Data excerpt:
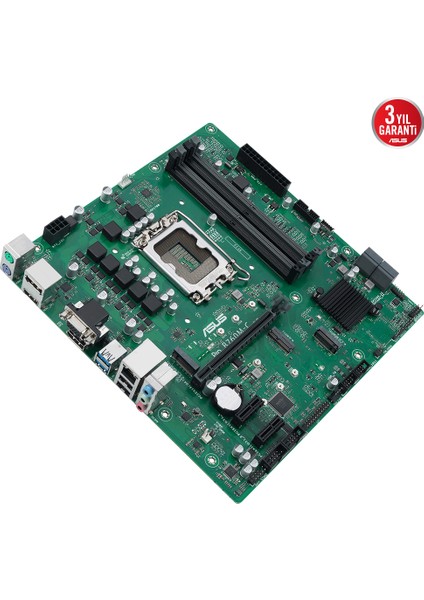 Pro B760M-C-Csm Intel B760 Lga1700 Ddr5 6200 2Xdp Hdmı Vga Çift M2 Usb3.2 Matx (Pro B760M-C-Csm) Anakart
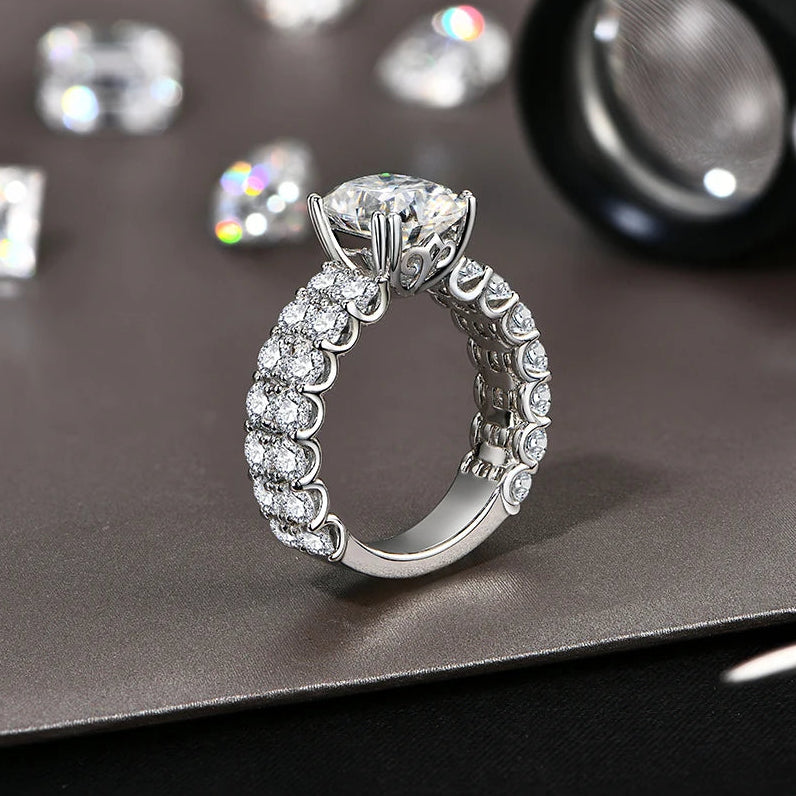 NEVE 5ct Royal Cushion Cut Eternity Ring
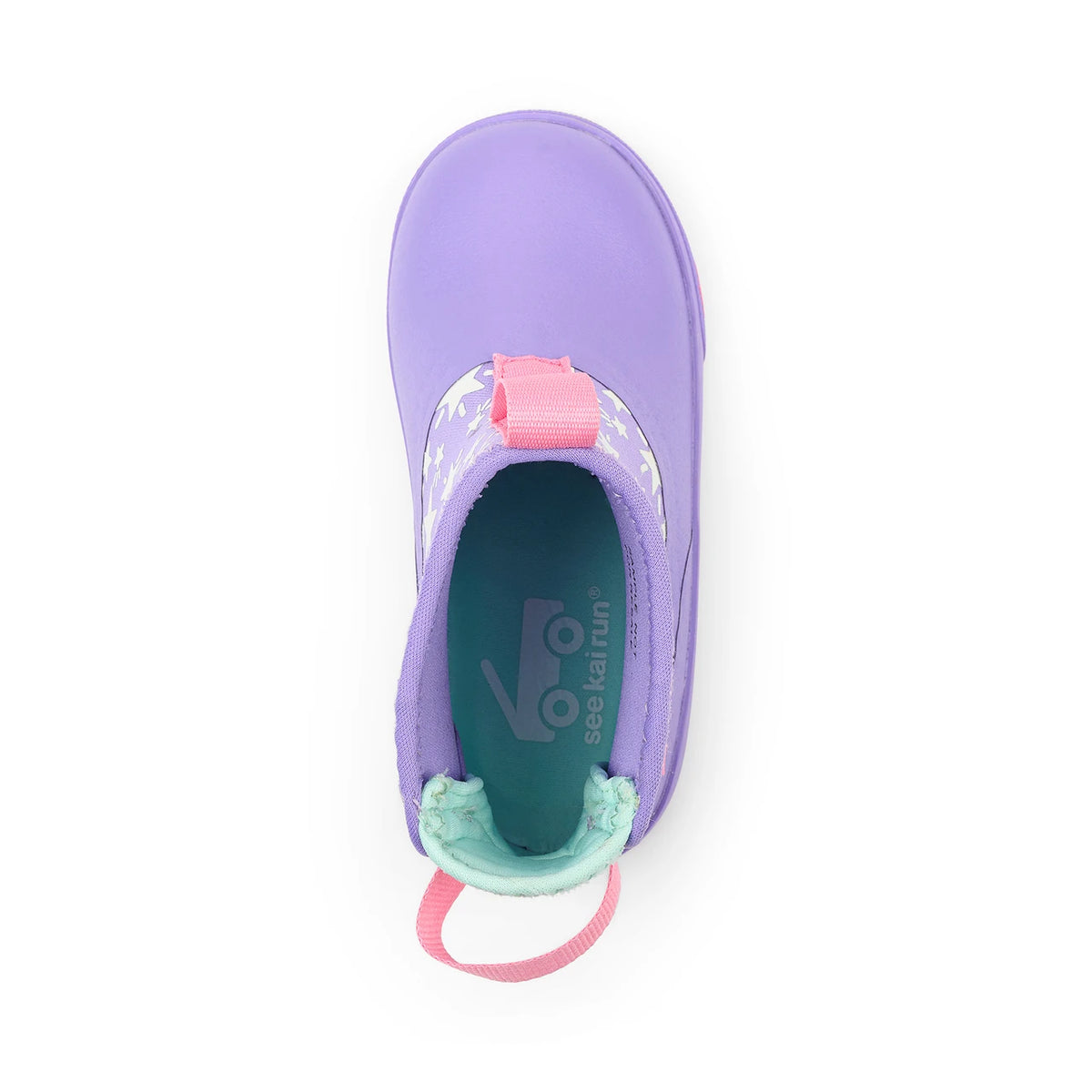 See Kai Run Premium | Ame Waterproof Purple Superstars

About this task:
Retype the data above exactly; pictures are not part of the copy.

Exercise output:
 Pro B760M-C-Csm Intel B760 Lga1700 Ddr5 6200 2Xdp Hdmı Vga Çift M2 Usb3.2 Matx (Pro B760M-C-Csm) Anakart
 NEVE 5ct Royal Cushion Cut Eternity Ring
 See Kai Run Premium | Ame Waterproof Purple Superstars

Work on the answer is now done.